The importance of leaders was, potentially, greatly enhanced in 2010 by the introduction of US-style televised debates between the candidates of the three leading parties. Although the first debate appeared to transform the fortunes of Liberal Democrat leader Nick Clegg, ultimately there was only modest evidence that the televised debates shifted anyone’s opinion, even though they may have had a marginal impact on turnout. Of almost certainly greater significance, in terms of explaining the outcome in 2010, was the poor personal standing of Gordon Brown, who consistently lagged badly behind Cameron in opinion polls. An advantage that the Conservatives enjoyed in the run up to the 2015 election was the clear and consistent opinion poll lead that Cameron maintained over Ed Miliband, who many voters struggled to see as a credible prime minister. 2017 Theresa May's presidential style and her lack of charisma harmed her campaign while in 2019 Boris Johnson projected an energetic image with a clear message 'get Brexit done'.
· the extent to which parties are united or divided between different party factions
1983 -One of the reasons for Labour's historic defeat was splits in the party. Another example was the division in the Conservative Party over Europe contributed to Labour's landslide victory in 1997 The election of 1997 In 2017 Theresa May's campaign was damaged by the divisions within her party over her approach to brexit. BBC 10 Reasons May lost her majority 2017
· the role of the media in projecting a particular image of a party.

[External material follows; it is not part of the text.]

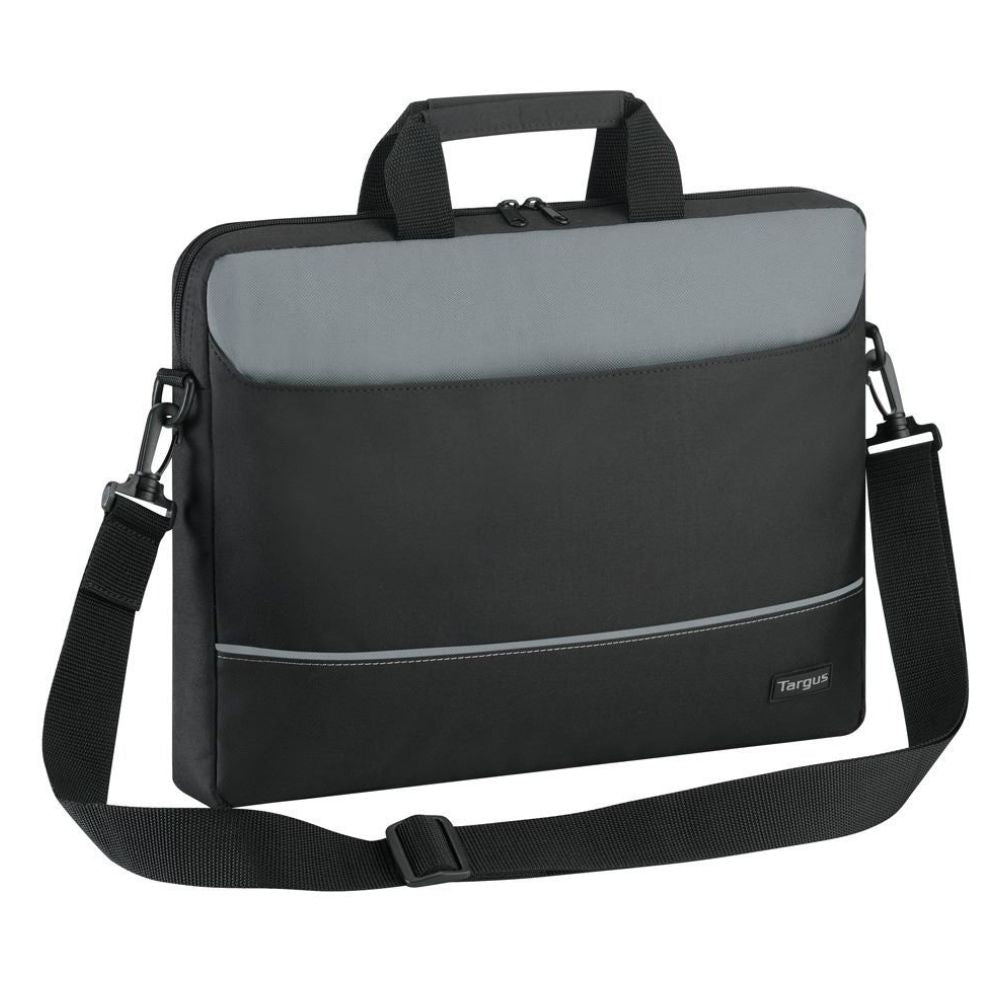 Targus Intellect 15.6 Inch Topload Laptop Case Black Grey Lightweight Business Bag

Associated with a party’s policies and the appeal of its leader is the image that a party has in the minds of voters.
For instance, Labour undoubtedly had an ‘image problem’ in the 1980s, still being seen as a ‘cloth cap’ party closely linked to the unions. During the 1990s, the Conservatives developed a reputation as the ‘nasty party’ (a description used in 2002 by the then Conservative chairman, Theresa May). The party was seen to be associated with a ‘get rich quick’ ethos and appeared to show little sympathy for the weak or disadvantaged. After he became Conservative leader in December 2005, Cameron’s strategy was largely devoted to ‘detoxifying’ the party’s image. In this, he consciously drew on the example of Labour’s rebranding (‘New Labour’) in the 1990s. In Cameron’s case, this involved a stress on achieving a more inclusive appeal (aiming at the young, women and ethnic minority voters). Such image rebranding contributed significantly to the 5 per cent swing from Labour to the Conservatives in 2010. This was accompanied by a campaign, launched once they had been returned to power, to damage the Labour opposition’s image by associating Labour with ‘excessive’ spending, particularly after Blair’s re-election in 2001. The post-2007 financial crisis was thus portrayed as ‘Labour’s debt crisis’, an allegation that Labour failed effectively to counter
Conservatives supporting press made a strong association between the personality of Boris Johnson and the issue of Brexit in 2019.

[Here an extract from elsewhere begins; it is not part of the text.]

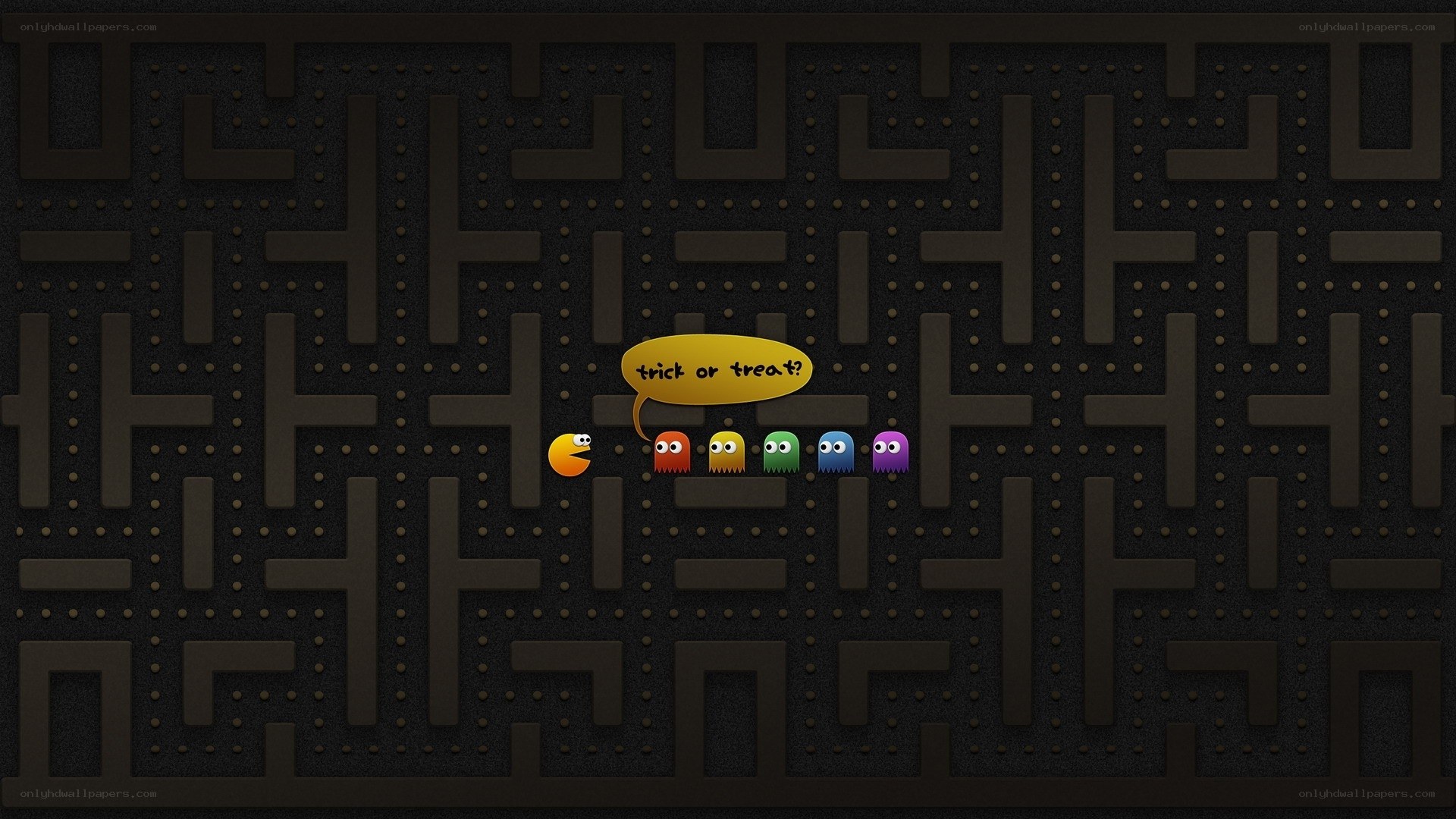 Pac-Man Halloween scene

In the run up to the 2015 general election, the Conservatives amassed a war chest of £78 million, dwarfing the spending power of Labour, and exceeding all the other parties combined. A change to the law on candidates’ election spending which allowed spending levels to rise by 23 per cent, enabled the Conservatives to deploy this war chest during the campaign itself. However, the net impact of national campaigning (via party-political broadcasts, leafleting, newspaper advertising, media interviews, rallies and the like) may be less significant than, for example, getting the backing of major newspapers (especially the Murdoch group). Not uncommonly, party strength on polling day is often little different from what it was at the start of the election campaign. On the other hand, there is clear evidence that local campaigning can make a difference.This has led to a growing tendency for parties to ‘target’ key seats as a means of artificially concentrating their support where it will have the greatest impact.